(Captioned web image data)
Content starts

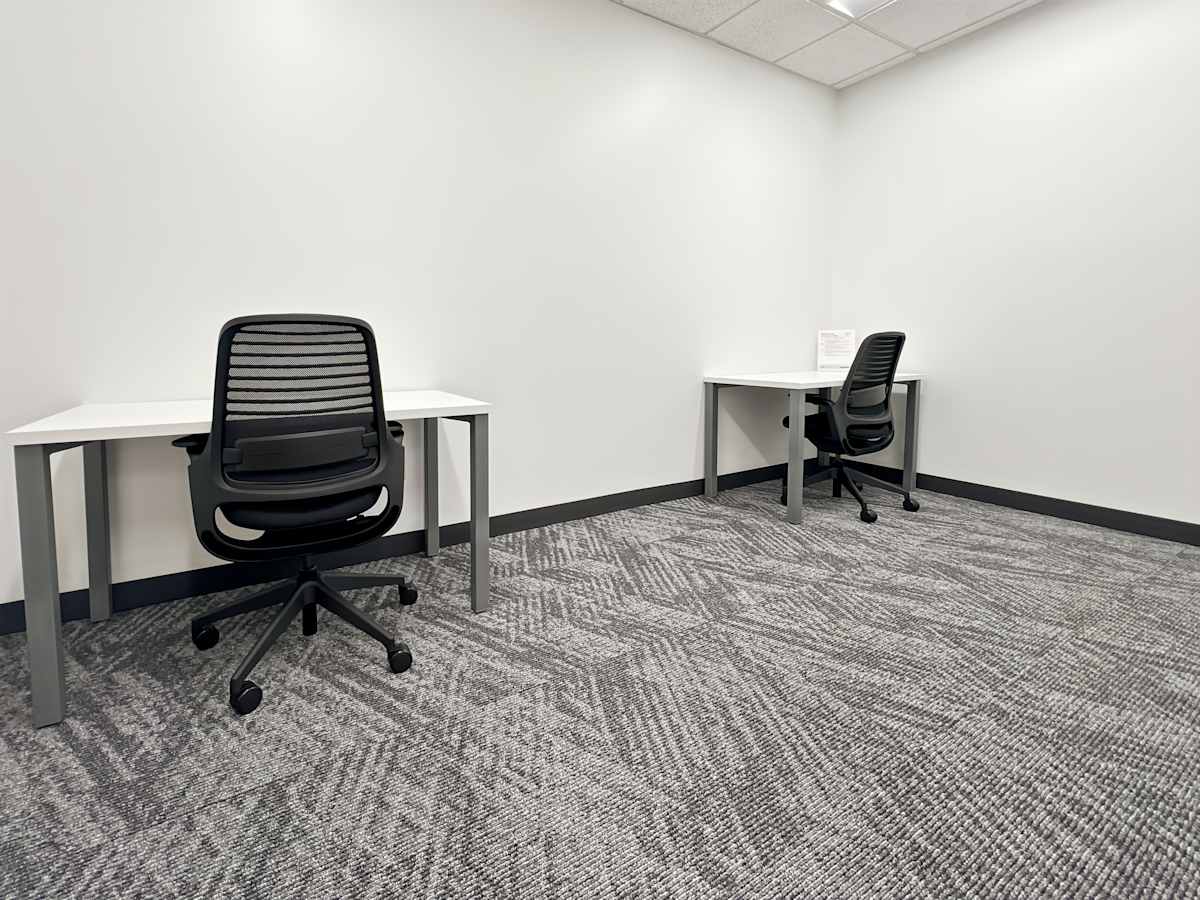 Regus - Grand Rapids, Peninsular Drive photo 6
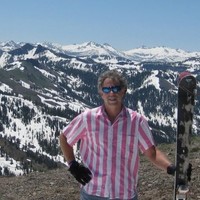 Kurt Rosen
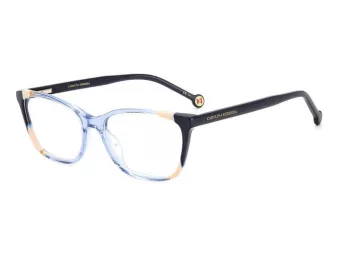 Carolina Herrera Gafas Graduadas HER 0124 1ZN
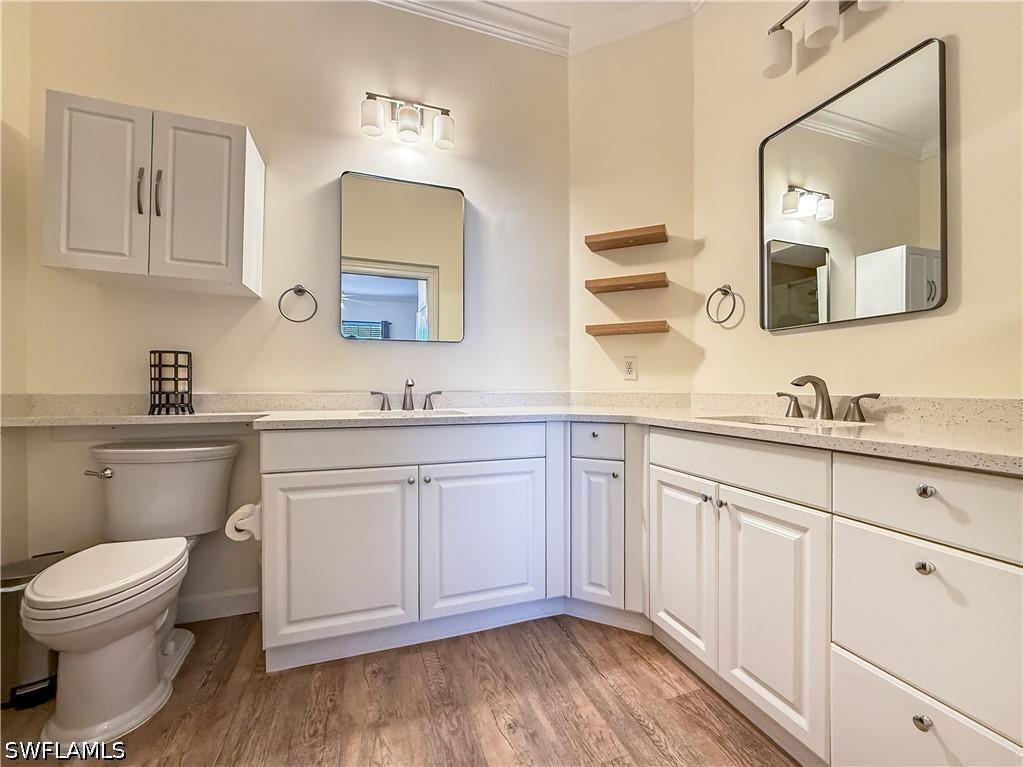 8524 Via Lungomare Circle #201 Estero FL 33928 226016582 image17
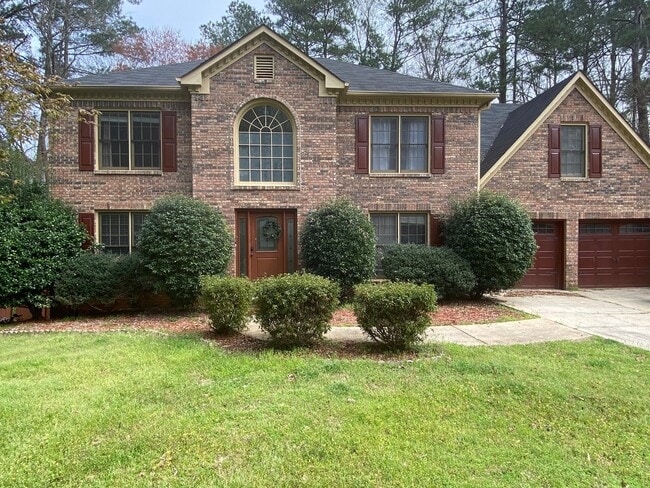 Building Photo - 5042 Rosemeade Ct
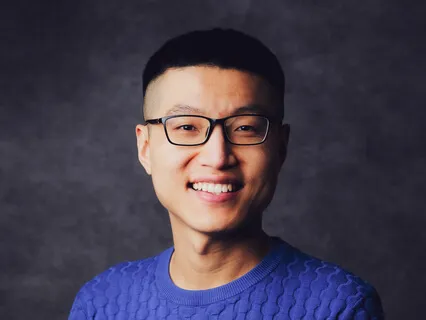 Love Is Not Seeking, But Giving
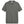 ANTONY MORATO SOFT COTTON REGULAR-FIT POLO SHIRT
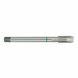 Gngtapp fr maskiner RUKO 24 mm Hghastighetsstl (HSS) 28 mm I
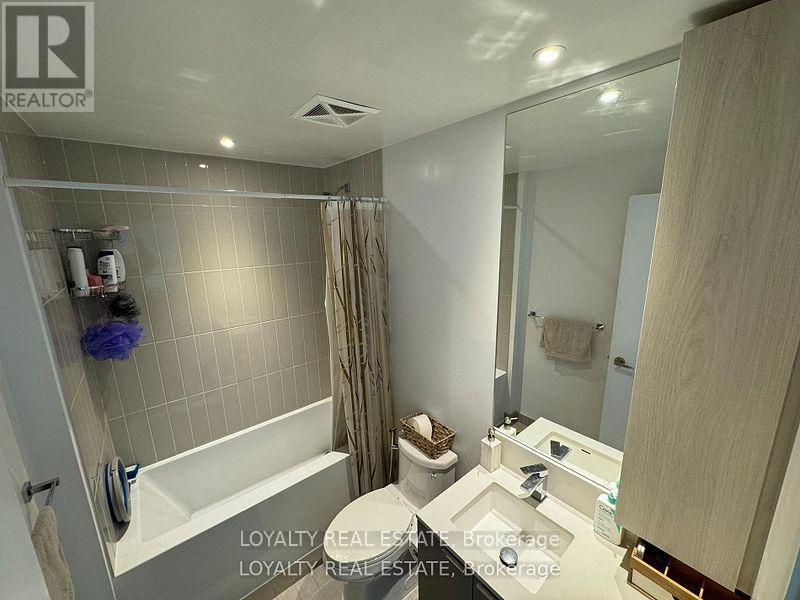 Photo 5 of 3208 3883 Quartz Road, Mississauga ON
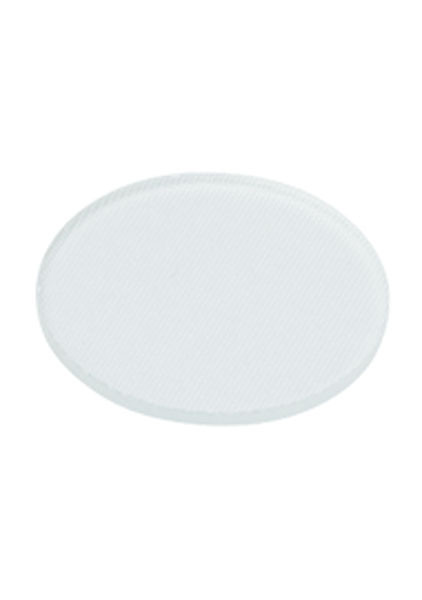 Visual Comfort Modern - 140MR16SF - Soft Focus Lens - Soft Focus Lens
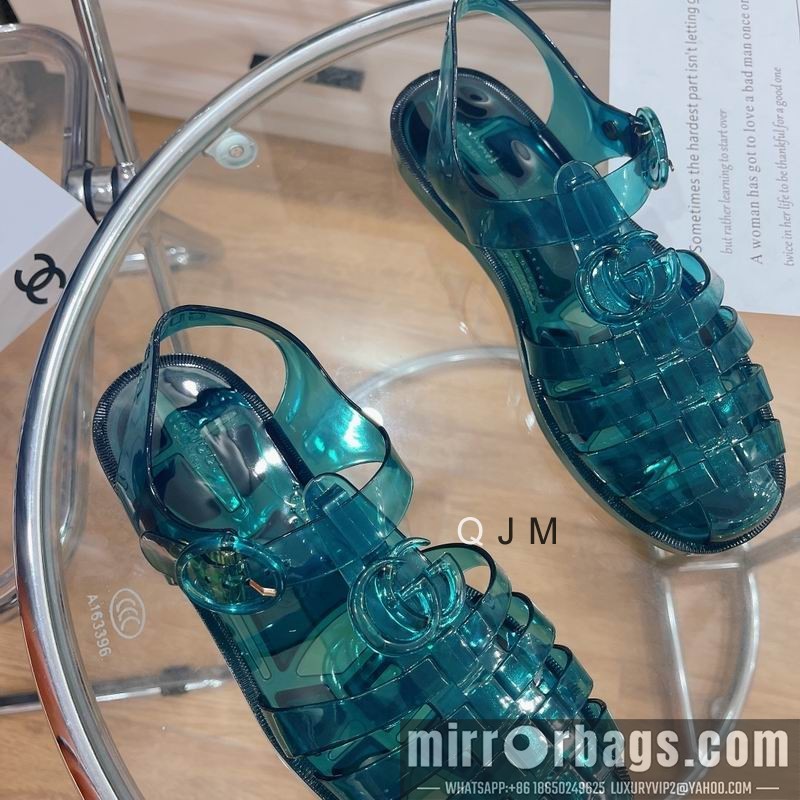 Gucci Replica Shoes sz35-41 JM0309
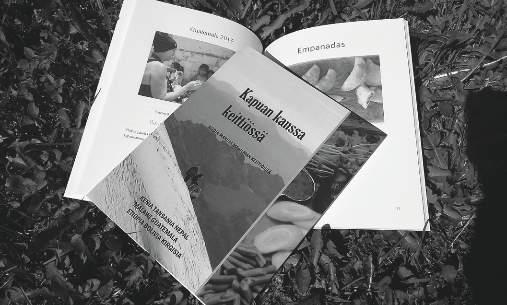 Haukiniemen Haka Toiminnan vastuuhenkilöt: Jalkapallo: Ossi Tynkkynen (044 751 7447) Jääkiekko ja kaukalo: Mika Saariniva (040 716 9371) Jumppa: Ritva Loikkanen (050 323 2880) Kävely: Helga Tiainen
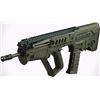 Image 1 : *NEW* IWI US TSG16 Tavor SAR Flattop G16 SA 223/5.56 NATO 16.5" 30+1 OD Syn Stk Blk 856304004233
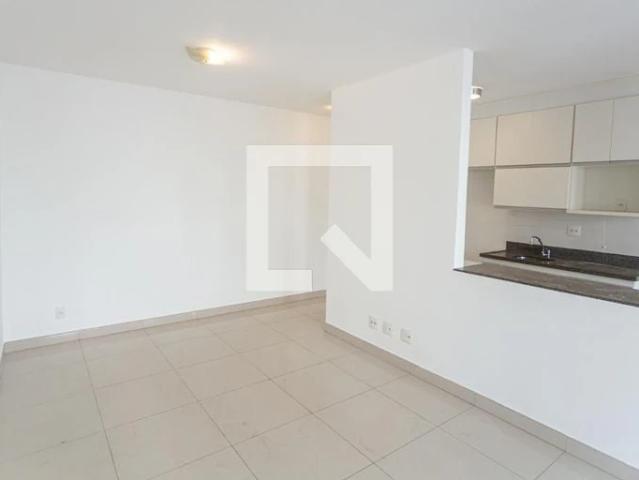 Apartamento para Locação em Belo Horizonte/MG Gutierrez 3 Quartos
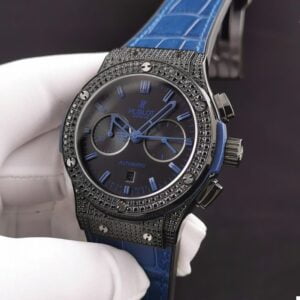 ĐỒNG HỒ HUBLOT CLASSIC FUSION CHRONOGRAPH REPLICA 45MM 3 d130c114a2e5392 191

Content ends

What you are asked to do -> Copy exactly the lines from the line that contains "Building Photo - 5042 Rosemeade Ct" through the last line of the records above, both ends included, but leave out the pictures.

Exercise result ->
 Building Photo - 5042 Rosemeade Ct
 Love Is Not Seeking, But Giving
 ANTONY MORATO SOFT COTTON REGULAR-FIT POLO SHIRT
 Gngtapp fr maskiner RUKO 24 mm Hghastighetsstl (HSS) 28 mm I
 Photo 5 of 3208 3883 Quartz Road, Mississauga ON
 Visual Comfort Modern - 140MR16SF - Soft Focus Lens - Soft Focus Lens
 Gucci Replica Shoes sz35-41 JM0309
 Haukiniemen Haka Toiminnan vastuuhenkilöt: Jalkapallo: Ossi Tynkkynen (044 751 7447) Jääkiekko ja kaukalo: Mika Saariniva (040 716 9371) Jumppa: Ritva Loikkanen (050 323 2880) Kävely: Helga Tiainen
 Image 1 : *NEW* IWI US TSG16 Tavor SAR Flattop G16 SA 223/5.56 NATO 16.5" 30+1 OD Syn Stk Blk 856304004233
 Apartamento para Locação em Belo Horizonte/MG Gutierrez 3 Quartos
 ĐỒNG HỒ HUBLOT CLASSIC FUSION CHRONOGRAPH REPLICA 45MM 3 d130c114a2e5392 191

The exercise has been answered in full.